BEGIN PROVIDED DATA
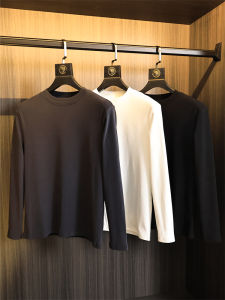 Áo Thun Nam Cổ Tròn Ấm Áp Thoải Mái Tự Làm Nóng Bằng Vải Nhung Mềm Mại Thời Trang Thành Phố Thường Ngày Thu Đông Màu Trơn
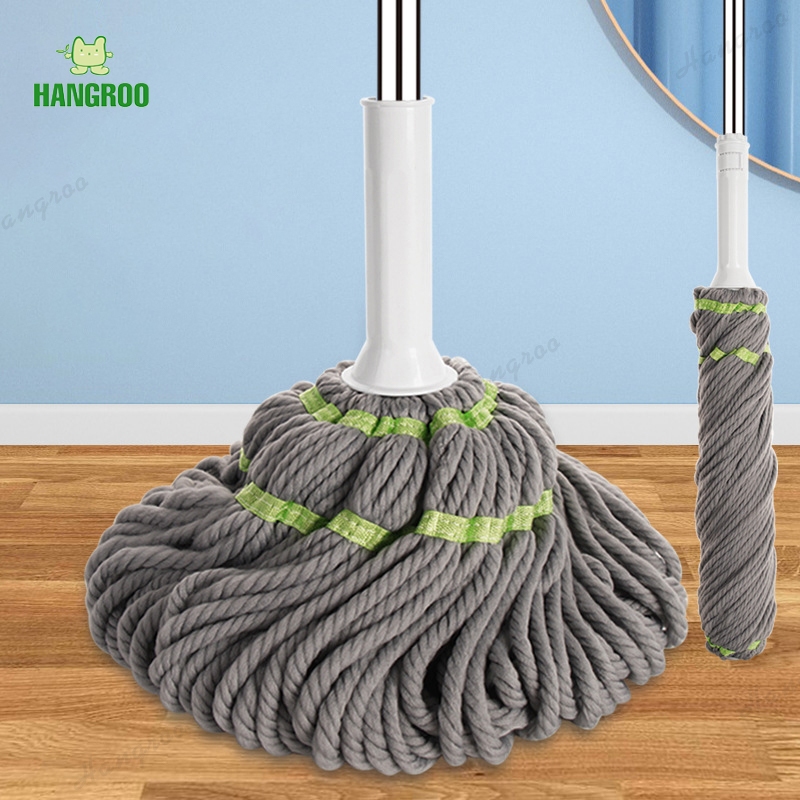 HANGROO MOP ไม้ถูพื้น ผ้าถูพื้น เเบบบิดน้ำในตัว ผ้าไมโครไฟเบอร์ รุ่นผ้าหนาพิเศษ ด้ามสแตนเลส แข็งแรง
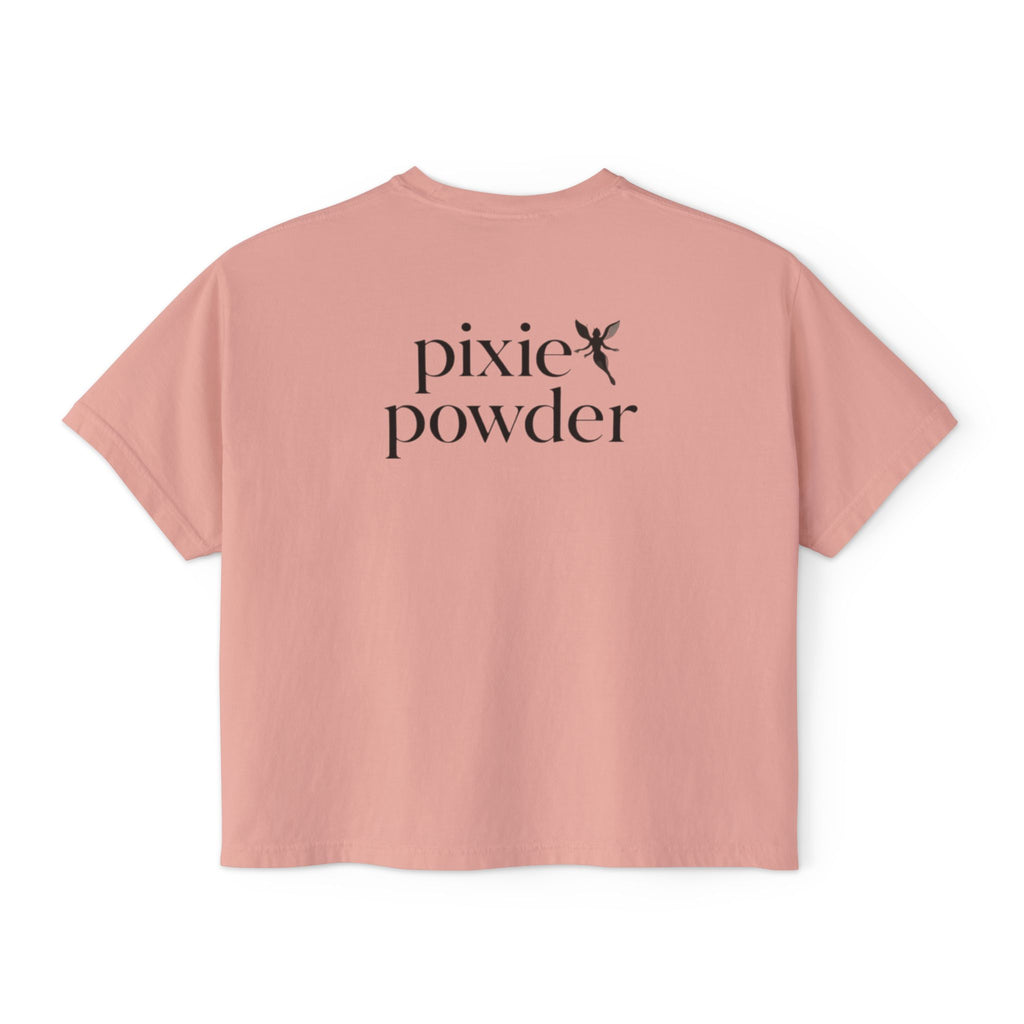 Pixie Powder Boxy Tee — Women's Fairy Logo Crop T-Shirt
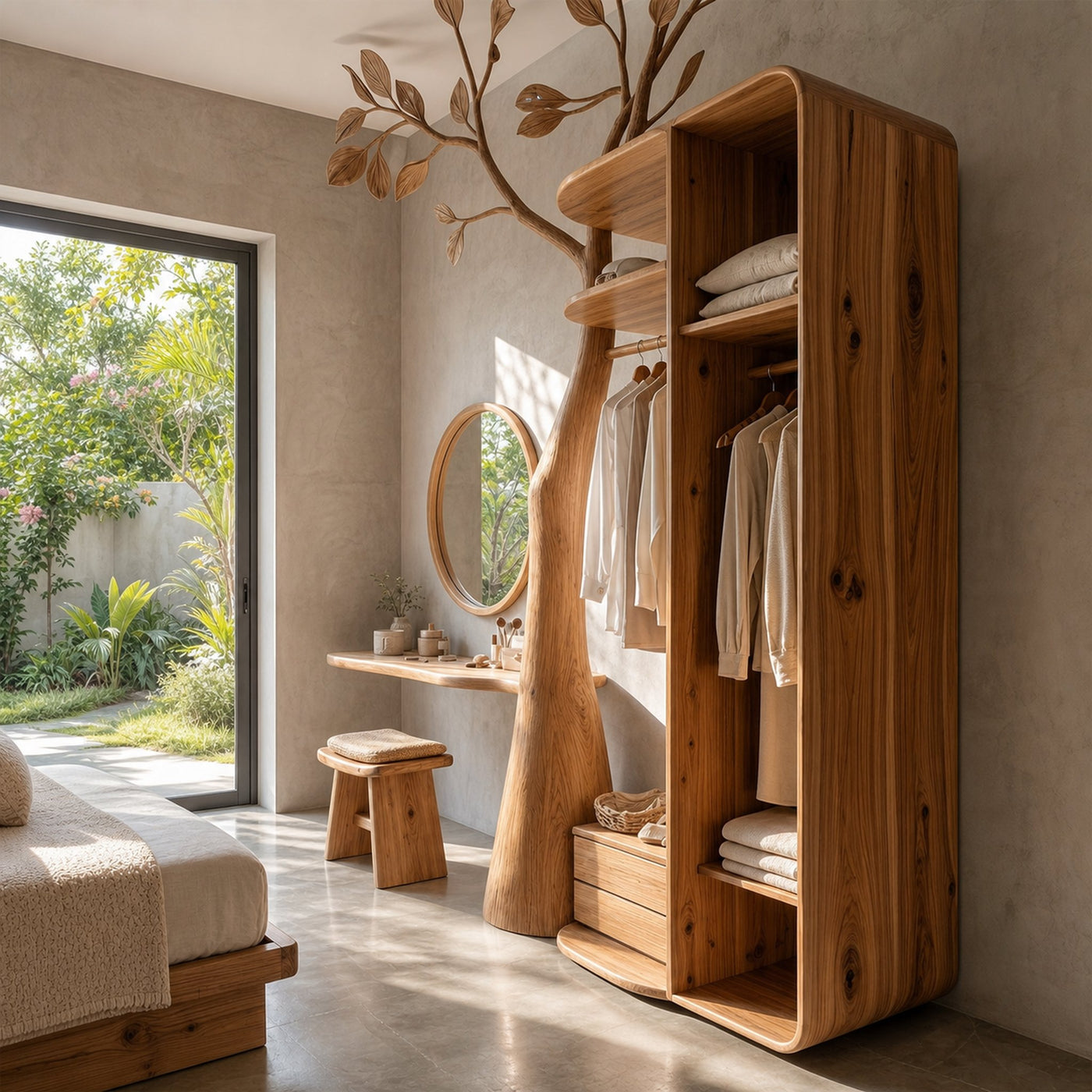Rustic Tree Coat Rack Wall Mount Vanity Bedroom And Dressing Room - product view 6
END PROVIDED DATA
Print the material again word for word. Please drop every picture.

→ RESPONSE
 Áo Thun Nam Cổ Tròn Ấm Áp Thoải Mái Tự Làm Nóng Bằng Vải Nhung Mềm Mại Thời Trang Thành Phố Thường Ngày Thu Đông Màu Trơn
 HANGROO MOP ไม้ถูพื้น ผ้าถูพื้น เเบบบิดน้ำในตัว ผ้าไมโครไฟเบอร์ รุ่นผ้าหนาพิเศษ ด้ามสแตนเลส แข็งแรง
 Pixie Powder Boxy Tee — Women's Fairy Logo Crop T-Shirt
Rustic Tree Coat Rack Wall Mount Vanity Bedroom And Dressing Room - product view 6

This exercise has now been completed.